Scraped caption text data:
===============

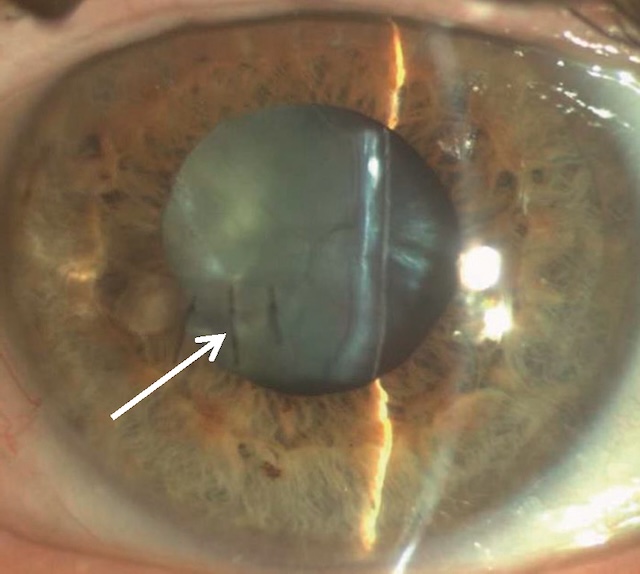 Aspect de cataracte traumatique centrale avec suture cornéenne inférieure visible, secondaire à un traumatisme perforant bien cicatrisé.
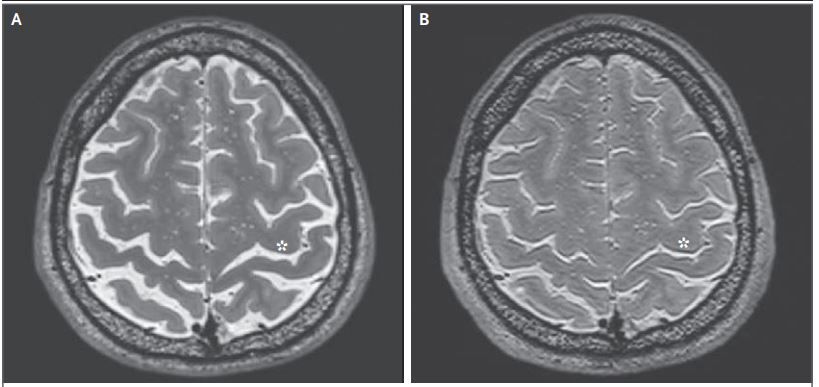 An MRI of an astronaut&#039;s brain before (panel A) and after (panel B) a long-duration spacefight.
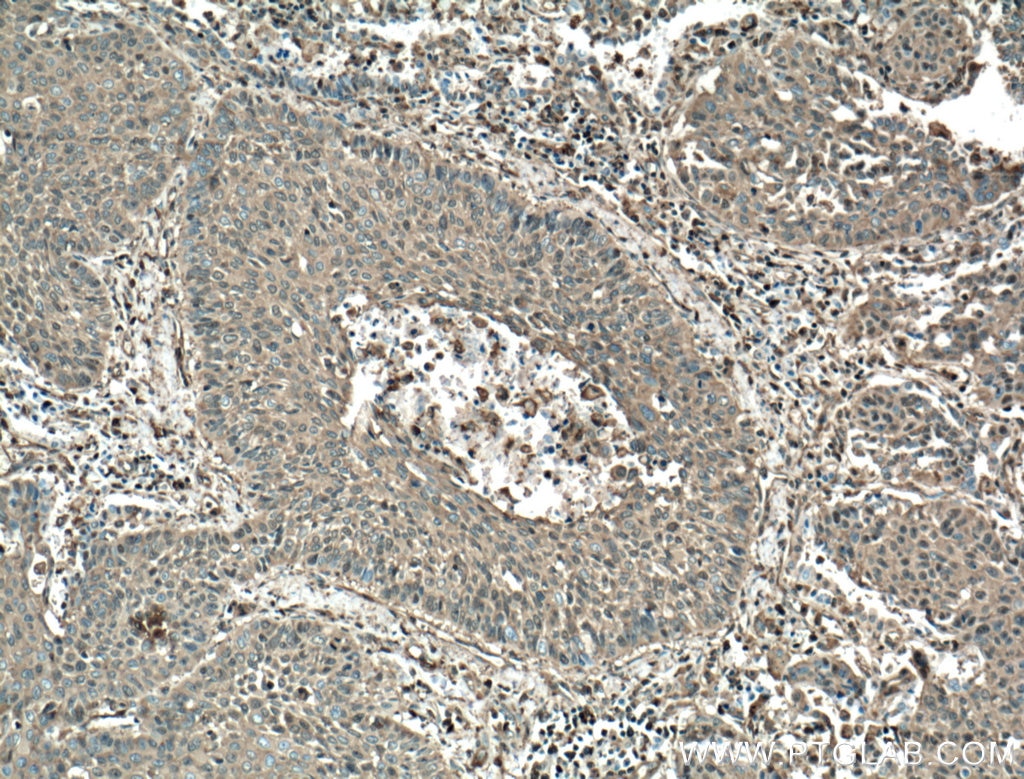 Immunohistochemistry (IHC) staining of human lung cancer tissue using Cofilin Monoclonal antibody (66057-1-Ig)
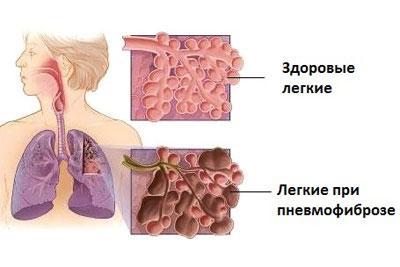 пневмофіброз легких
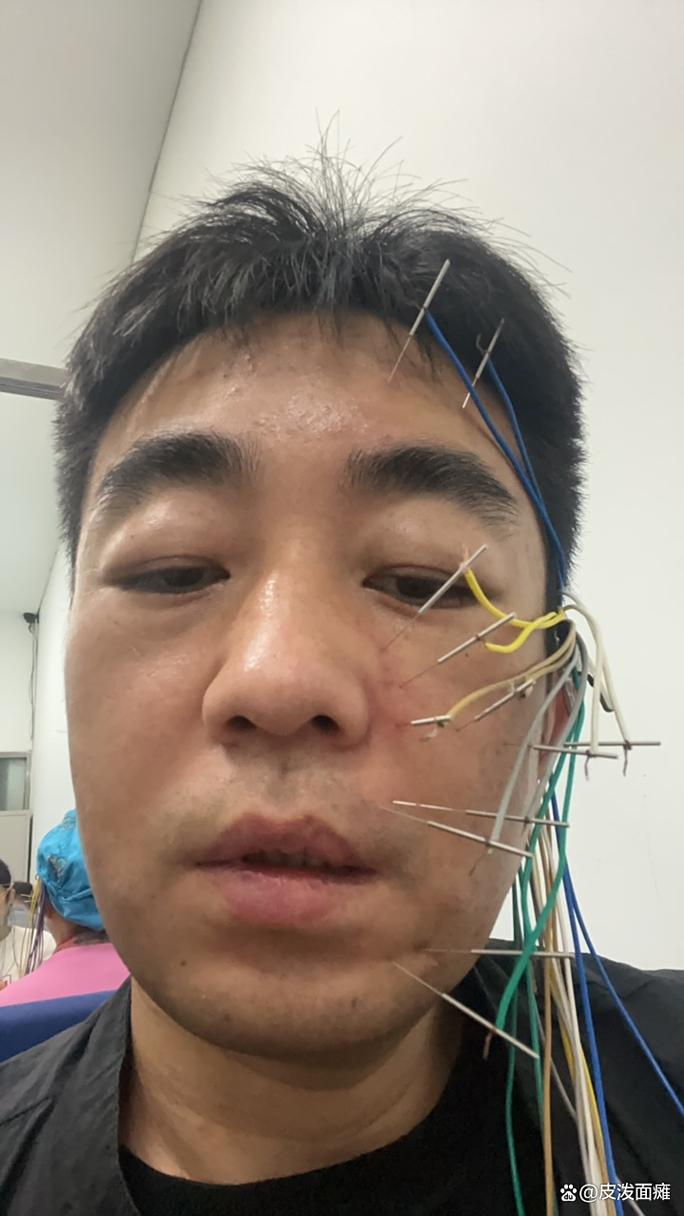 面瘫针灸三个月也没好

===============

### TASK STATEMENT
Print exactly the lines between the line containing "An MRI of an" and the last line of the entries above, including both, and nothing besides; skip the pictures.

### RESPONSE BELOW
 An MRI of an astronaut&#039;s brain before (panel A) and after (panel B) a long-duration spacefight.
 Immunohistochemistry (IHC) staining of human lung cancer tissue using Cofilin Monoclonal antibody (66057-1-Ig)
 пневмофіброз легких
 面瘫针灸三个月也没好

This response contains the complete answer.